> **Prompt**:
Pictures aside, return every line below exactly as written.

> **Information provided**:
..........

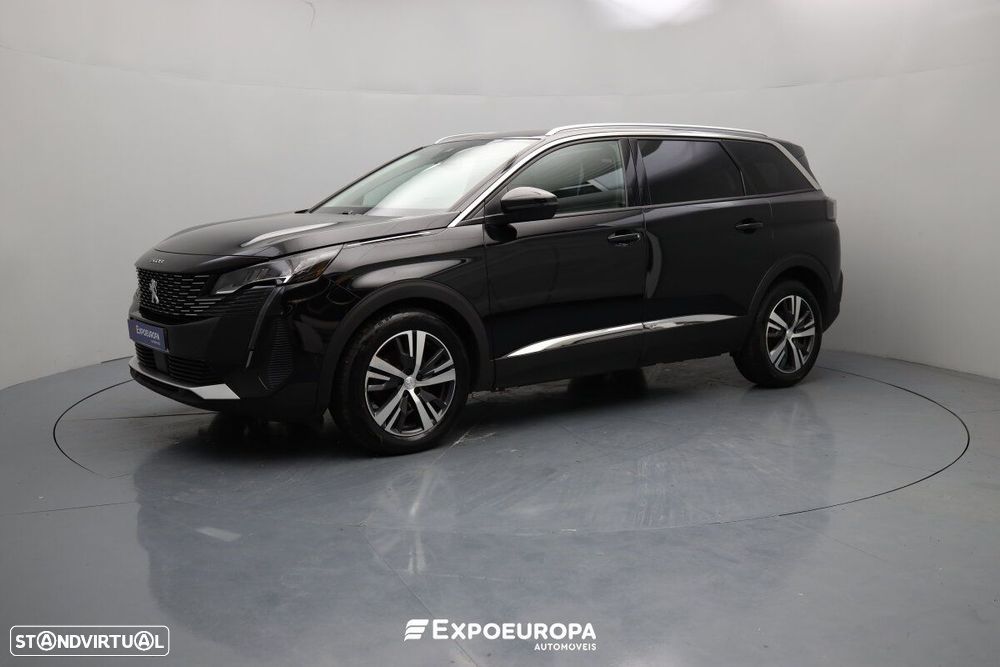 Peugeot 5008 1.5 BlueHDi Allure Pack - 1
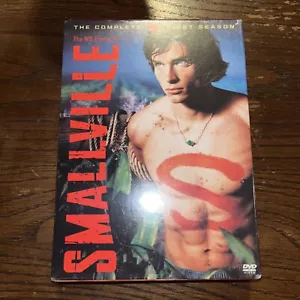 Smallville: Die komplette erste Staffel DVDs - Bild 1 von 2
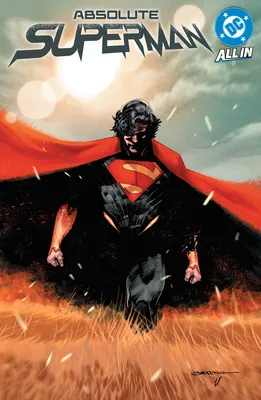 Last Dust of Krypton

..........

> **Answer for this exercise**:
 Peugeot 5008 1.5 BlueHDi Allure Pack - 1
 Smallville: Die komplette erste Staffel DVDs - Bild 1 von 2
 Last Dust of Krypton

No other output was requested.